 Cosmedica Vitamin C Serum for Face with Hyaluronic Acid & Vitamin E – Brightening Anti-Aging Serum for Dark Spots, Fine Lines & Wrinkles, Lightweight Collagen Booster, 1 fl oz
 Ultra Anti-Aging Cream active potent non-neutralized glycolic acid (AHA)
--
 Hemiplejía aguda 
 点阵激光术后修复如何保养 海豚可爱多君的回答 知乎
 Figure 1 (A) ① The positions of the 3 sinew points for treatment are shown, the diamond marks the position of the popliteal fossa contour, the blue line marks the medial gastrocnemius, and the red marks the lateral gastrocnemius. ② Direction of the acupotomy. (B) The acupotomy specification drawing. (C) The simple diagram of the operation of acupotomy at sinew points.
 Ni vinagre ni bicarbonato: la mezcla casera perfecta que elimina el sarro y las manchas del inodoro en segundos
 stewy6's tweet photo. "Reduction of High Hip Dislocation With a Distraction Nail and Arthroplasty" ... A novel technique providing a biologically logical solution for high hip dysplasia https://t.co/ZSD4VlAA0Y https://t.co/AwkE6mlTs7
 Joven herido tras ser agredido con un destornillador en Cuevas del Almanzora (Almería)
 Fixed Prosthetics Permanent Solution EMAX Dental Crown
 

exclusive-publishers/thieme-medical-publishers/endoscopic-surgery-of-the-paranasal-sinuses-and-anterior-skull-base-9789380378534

• _What to produce_: The answer is each line in which the word "Anti" occurs, copied from the material above.

• _Result of this exercise_:
 Cosmedica Vitamin C Serum for Face with Hyaluronic Acid & Vitamin E – Brightening Anti-Aging Serum for Dark Spots, Fine Lines & Wrinkles, Lightweight Collagen Booster, 1 fl oz
 Ultra Anti-Aging Cream active potent non-neutralized glycolic acid (AHA)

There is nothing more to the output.